Other things it can interpret:

The immediate window is also wired up to use the interpreter when dump-debugging. Here are some sample things that work. Again, note the ‘*’ means the results are in the interpreter and the debuggee is not modified.

Simulating new objects:
? new Point(10,12).ToString()
"(10,12)"*

Basic reflection:
? typeof(Point).FullName
"Point"*

Dynamic method invocation:
? typeof(Point).GetMethod("get_X").Invoke(new Point(6,7), null)
0x00000006*

Calling functions, and even mixing debuggee data (the local variable ‘p’) with interpreter generated data (via the ‘new’ expression):
? Dot(p,new Point(10,20))
110*

 

It even works for Visualizers

Notice that it can even load the Visualizer for the Dictionary (dict) and show you the contents as a pretty array view rather than just the raw view of buckets. Visualizers are their own dll,  and we can verify that the dll is not actually loaded into the debuggee. For example, the Dictionary visualizer dll is  Microsoft.VisualStudio.DebuggerVisualizers.dll, but that’s not in the module list:

image

 

That’s because the interpreter has virtualized loading the visualizer dll into its own “virtual interpreter” space and not the actual debuggee process space. That’s important because in a dump file, you can’t load a visualizer dll post-mortem.

 

 

Other issues:

There are lots of other details here that I’m skipping over, like:

  1. The interpreter is definitely not bullet proof. If it sees something it can’t interpreter (like a pinvoke or dangerous code), then it simply aborts the interpretation attempt.
  2. The intepreter is recursive, so it can handle functions that call other functions. (Notice that ToString call get_X.)
  3. How does it deal with side-effecting operations?
  4. How does it handle virtual dispatch call opcodes?
  5. How does it handle ecalls?
  6. How does it handle reflection

 

Other advantages?

There are other advantages of IL interpretation for function evaluation, mainly that it addresses the ”func-eval is evil” problems by essentially degenerating dangerous func-evals to safe field accesses.

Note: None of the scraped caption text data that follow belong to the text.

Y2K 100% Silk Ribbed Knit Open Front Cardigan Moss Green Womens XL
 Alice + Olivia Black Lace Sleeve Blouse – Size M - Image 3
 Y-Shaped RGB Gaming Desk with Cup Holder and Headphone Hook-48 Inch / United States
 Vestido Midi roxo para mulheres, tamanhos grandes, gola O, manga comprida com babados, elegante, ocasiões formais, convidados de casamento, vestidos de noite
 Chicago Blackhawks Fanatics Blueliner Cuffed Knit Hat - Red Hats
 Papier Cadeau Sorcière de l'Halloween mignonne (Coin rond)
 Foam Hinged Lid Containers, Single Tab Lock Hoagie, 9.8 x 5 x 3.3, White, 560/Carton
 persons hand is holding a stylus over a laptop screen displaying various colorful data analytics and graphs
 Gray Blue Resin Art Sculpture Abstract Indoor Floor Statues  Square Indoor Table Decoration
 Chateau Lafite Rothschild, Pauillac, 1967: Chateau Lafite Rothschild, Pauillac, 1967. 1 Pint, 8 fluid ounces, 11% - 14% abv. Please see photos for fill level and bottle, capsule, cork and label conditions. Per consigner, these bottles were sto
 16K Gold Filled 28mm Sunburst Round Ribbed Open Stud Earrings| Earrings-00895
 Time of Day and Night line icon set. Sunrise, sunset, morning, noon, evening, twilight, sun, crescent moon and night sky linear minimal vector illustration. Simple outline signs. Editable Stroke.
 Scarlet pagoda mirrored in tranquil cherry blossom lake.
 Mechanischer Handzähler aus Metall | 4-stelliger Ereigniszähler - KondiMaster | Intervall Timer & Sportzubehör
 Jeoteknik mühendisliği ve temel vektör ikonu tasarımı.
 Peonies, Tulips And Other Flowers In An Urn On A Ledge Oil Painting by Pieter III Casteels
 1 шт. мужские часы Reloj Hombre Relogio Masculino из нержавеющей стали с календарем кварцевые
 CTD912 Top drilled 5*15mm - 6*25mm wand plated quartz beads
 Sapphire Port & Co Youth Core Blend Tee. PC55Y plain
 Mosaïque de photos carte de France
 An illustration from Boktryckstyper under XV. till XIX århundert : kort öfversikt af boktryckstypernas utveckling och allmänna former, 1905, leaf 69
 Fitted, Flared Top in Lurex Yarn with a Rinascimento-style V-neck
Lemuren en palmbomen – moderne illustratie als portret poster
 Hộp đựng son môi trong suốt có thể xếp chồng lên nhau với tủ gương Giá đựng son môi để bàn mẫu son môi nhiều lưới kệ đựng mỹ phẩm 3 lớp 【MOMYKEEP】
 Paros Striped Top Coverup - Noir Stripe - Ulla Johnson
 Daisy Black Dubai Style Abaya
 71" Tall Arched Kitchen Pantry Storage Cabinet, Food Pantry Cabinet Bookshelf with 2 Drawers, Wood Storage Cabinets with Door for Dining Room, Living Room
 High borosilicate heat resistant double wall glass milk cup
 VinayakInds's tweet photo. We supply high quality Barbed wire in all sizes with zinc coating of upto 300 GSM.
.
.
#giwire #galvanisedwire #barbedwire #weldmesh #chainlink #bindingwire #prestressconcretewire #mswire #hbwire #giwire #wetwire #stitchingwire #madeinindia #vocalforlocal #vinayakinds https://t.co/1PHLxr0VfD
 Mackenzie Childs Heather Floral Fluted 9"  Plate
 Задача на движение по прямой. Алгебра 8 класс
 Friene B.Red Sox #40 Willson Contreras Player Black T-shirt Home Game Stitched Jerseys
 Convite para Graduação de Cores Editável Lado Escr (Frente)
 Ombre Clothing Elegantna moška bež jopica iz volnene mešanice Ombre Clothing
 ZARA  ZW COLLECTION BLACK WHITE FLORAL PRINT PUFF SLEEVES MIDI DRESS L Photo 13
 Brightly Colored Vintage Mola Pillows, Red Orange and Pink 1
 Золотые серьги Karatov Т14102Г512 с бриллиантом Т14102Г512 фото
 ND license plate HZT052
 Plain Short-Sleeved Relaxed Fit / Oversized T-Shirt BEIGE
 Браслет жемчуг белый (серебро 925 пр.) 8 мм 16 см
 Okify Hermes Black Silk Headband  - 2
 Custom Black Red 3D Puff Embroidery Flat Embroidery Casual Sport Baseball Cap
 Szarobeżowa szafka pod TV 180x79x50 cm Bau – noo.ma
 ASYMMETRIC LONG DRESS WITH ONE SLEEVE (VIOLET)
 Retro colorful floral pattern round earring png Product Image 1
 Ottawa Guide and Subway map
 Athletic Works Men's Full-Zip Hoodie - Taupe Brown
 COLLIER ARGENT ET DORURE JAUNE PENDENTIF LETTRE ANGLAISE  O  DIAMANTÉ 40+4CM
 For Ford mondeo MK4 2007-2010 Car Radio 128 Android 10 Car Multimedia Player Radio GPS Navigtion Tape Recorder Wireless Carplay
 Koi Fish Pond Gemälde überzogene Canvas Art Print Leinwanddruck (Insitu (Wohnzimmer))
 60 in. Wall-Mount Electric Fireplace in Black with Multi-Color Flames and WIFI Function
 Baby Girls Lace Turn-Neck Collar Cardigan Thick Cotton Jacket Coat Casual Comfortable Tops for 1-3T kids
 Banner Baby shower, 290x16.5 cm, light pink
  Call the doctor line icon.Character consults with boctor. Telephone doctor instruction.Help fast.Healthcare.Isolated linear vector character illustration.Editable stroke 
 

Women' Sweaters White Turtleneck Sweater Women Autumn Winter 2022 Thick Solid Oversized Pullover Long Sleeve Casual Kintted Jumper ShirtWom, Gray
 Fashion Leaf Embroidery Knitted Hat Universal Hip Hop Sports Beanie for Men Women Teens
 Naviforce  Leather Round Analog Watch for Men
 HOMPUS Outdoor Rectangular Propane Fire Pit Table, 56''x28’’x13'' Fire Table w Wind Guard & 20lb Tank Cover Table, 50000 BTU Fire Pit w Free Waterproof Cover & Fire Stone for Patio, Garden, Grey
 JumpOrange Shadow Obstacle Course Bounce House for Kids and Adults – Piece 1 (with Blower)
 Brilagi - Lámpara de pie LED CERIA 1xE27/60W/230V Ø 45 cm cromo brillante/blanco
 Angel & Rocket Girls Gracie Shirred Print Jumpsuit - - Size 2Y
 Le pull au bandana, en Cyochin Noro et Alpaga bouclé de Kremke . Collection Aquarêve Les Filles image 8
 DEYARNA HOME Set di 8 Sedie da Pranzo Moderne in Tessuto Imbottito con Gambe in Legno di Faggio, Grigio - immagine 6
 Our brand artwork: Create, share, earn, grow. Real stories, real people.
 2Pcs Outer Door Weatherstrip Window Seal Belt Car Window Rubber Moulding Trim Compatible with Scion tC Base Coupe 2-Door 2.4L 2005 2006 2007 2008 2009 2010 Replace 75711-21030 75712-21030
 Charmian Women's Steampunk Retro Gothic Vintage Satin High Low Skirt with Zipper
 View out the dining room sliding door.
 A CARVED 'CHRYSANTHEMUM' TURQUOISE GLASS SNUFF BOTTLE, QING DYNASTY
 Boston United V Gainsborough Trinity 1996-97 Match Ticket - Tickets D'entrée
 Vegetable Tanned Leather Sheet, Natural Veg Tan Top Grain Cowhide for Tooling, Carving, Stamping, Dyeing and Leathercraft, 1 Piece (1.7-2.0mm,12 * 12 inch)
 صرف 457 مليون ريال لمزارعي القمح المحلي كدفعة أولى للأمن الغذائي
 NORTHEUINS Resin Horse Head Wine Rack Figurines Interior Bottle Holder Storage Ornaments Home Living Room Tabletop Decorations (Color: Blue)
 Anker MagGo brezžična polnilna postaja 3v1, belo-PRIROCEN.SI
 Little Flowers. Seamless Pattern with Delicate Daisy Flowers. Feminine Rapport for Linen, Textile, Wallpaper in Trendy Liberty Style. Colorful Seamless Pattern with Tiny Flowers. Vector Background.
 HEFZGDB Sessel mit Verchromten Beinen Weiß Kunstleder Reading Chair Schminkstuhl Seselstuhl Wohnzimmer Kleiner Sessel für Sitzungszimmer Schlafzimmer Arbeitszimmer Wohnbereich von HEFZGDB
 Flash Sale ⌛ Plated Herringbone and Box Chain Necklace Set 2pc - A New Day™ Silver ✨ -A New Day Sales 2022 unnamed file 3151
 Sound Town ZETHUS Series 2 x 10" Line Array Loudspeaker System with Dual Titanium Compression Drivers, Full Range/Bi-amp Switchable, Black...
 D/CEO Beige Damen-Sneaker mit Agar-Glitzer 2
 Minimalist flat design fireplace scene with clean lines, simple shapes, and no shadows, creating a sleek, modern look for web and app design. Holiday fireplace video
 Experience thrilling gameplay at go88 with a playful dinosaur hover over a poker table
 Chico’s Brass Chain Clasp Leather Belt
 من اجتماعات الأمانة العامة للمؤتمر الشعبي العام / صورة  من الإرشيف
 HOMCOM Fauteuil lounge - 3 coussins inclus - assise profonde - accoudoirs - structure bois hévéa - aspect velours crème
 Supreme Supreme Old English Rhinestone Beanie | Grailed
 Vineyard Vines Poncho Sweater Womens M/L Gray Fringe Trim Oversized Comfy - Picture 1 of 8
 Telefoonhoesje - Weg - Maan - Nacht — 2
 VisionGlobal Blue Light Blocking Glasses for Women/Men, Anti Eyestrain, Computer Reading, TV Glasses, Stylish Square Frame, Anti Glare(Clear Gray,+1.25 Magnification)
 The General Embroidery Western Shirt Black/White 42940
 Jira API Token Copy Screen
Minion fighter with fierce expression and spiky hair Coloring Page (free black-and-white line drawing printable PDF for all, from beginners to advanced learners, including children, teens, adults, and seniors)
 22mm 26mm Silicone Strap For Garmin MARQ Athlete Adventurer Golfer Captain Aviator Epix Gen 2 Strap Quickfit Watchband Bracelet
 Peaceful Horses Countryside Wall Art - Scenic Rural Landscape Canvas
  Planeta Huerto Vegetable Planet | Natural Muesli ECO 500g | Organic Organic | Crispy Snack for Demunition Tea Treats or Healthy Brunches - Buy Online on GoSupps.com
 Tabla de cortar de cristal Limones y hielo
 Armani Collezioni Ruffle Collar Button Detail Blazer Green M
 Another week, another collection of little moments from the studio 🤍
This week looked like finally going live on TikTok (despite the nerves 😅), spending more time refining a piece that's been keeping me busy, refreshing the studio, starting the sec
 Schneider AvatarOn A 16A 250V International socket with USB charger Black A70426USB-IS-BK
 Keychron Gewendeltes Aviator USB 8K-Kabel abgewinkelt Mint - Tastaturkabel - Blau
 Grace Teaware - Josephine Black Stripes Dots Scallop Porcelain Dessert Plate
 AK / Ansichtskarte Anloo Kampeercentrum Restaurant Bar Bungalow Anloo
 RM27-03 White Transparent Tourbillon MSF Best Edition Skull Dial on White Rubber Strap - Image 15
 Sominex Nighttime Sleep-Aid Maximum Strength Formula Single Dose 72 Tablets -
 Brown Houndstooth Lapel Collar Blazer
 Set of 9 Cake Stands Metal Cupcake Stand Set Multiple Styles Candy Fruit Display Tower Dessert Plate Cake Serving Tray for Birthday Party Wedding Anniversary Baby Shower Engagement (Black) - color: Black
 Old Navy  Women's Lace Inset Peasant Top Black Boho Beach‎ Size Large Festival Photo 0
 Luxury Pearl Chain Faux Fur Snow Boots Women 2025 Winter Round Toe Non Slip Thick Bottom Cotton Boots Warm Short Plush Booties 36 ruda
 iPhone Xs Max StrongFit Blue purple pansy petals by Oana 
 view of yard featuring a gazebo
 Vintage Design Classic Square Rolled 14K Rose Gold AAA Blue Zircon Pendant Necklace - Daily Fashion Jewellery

  1. It is provably safe because it errs on the side of safety. The interpreter is completely non-invasive (it operates on a dump-file!).
  2. No accidentally executing dangerous code.
  3. Side-effect free func-evals. This is a natural consequence of it being non-invasive.
  4. Bullet proof func-eval abort.
  5. Bullet proof protection against recursive properties that stack-overflow.
  6. It allows func-eval to occur at places previously impossible, such as in dump-files, when the thread is in native code, retail code, or places where there is no thread to hijack.

Closing thoughts

We realize that the interpreter is definitely not perfect. That’s part of why we choose to have it active in dump-files but not replace func-eval in regular execution. For dump-file scenarios, it took something that would have been completely broken and made many things work.